The full, five-day a week schedule for the children is rather rigorous. It fulfills the new Common Core preschool standards in math and ELA, while giving the children a chance to sing and play.
At group time, they sing alphabet and counting songs. They peek out of the window to report the weather and then create a bar graph reflecting that.
They also sing about the days of the week, walk the circle to greet each other and read several books that highlight the “letter of the week.”
“We’ll do one letter a week,” said Mrs. Bates who displays each letter and the words they spell in various pictures throughout the classroom. “By the end of the year, they will recognize them all. They will also learn what an author is, what an illustrator is and what a title page is. We want to get them familiar with books.”

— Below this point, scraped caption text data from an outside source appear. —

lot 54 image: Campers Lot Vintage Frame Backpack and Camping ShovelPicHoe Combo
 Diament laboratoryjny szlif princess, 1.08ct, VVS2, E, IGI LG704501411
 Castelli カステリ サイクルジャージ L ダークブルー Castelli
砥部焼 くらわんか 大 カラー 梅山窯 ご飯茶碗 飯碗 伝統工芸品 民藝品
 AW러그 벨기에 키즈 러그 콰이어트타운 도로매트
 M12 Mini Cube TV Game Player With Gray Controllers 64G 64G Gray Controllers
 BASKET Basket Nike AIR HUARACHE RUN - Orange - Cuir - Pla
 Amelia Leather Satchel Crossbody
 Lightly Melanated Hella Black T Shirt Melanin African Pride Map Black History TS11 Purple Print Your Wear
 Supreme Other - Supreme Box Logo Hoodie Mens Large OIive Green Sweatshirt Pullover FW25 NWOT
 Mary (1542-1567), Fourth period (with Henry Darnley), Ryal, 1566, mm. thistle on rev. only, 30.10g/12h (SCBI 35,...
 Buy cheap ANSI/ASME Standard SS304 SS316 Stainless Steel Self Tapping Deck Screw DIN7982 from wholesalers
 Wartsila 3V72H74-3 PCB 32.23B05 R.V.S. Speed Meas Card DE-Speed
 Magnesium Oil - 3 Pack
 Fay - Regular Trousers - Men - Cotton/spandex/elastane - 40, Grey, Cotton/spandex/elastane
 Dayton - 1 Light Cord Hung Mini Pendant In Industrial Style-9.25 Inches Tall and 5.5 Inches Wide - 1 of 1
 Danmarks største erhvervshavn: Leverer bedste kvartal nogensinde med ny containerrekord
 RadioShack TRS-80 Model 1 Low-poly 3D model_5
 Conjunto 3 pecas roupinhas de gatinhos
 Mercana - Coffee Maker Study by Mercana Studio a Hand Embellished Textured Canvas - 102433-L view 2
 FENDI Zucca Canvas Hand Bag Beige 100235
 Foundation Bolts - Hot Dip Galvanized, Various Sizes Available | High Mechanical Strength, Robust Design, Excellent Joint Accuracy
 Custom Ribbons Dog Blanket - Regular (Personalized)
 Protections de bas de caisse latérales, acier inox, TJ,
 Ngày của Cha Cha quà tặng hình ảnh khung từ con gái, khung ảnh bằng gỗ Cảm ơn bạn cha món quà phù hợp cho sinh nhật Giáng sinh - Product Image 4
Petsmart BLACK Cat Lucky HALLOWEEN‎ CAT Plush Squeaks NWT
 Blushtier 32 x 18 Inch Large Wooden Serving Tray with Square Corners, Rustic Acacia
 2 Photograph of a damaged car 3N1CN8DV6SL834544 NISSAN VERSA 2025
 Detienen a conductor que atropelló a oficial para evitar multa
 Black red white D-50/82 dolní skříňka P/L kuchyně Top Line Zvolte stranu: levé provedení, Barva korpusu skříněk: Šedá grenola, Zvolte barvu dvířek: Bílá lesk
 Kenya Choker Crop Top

After group time, the children divide up at tables where they continue to reinforce letters and numbers with group and self-directed projects in art and science. They also learn a lot by playing with toys and blocks. Mrs. Bates has a basket for each letter, ie airplanes and alligators are in the A basket. They also have time for daily outdoor play and rest.
“I enjoy it because my class is different every year,” said Mrs. Bates. “And I know how effective we have been because the districts are pleased. They see how much independence the children gain and how well-rounded they become in our preschool. They might not become a straight A students, but they learn a lot including how to be kind and cooperative.”